| EXERCISE REQUIREMENTS |
A verbatim reproduction of the following listing is required; omit the pictures.

| INFORMATION SUPPLIED |

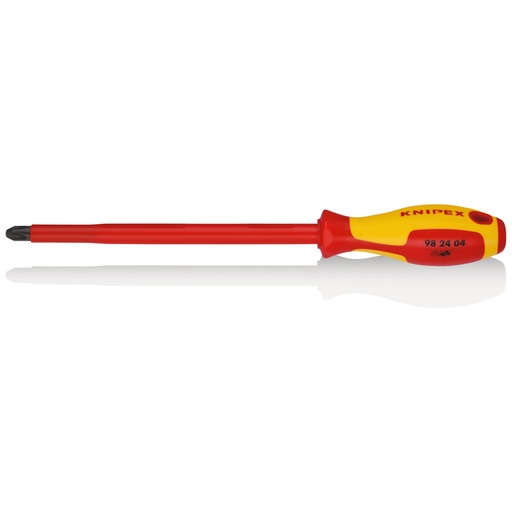 [HC152788] KNIPEX DESARMADOR DE CRUZ     PH4X200 MGO AISLANTE 98 24 04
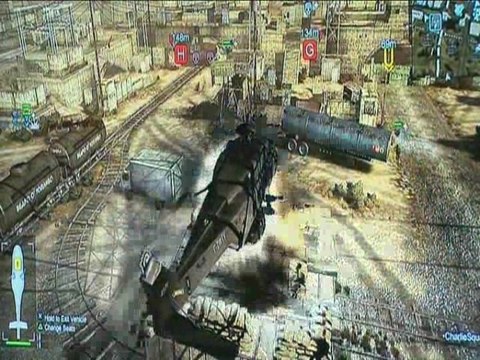 Coverage E3 09 In Game MAG Massive Action Gaming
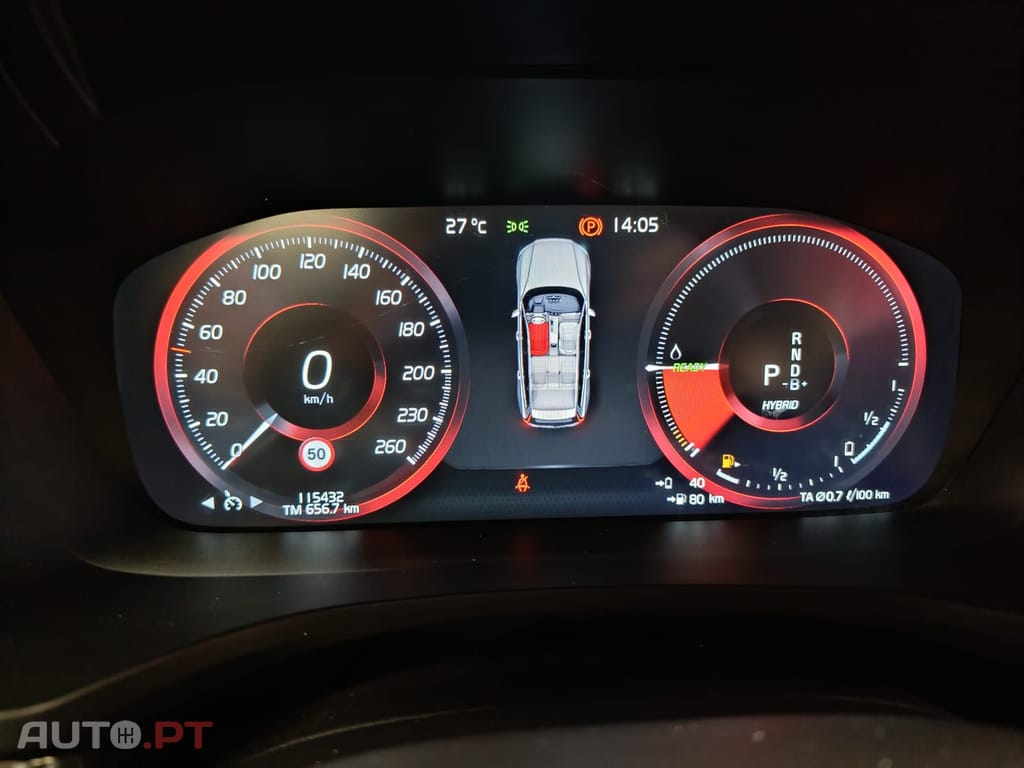 Volvo V60 2.0 T6 AWD TE Inscription Expression Plug-in 350cv — fotografia 11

| YOUR SOLUTION |
 [HC152788] KNIPEX DESARMADOR DE CRUZ     PH4X200 MGO AISLANTE 98 24 04
 Coverage E3 09 In Game MAG Massive Action Gaming
 Volvo V60 2.0 T6 AWD TE Inscription Expression Plug-in 350cv — fotografia 11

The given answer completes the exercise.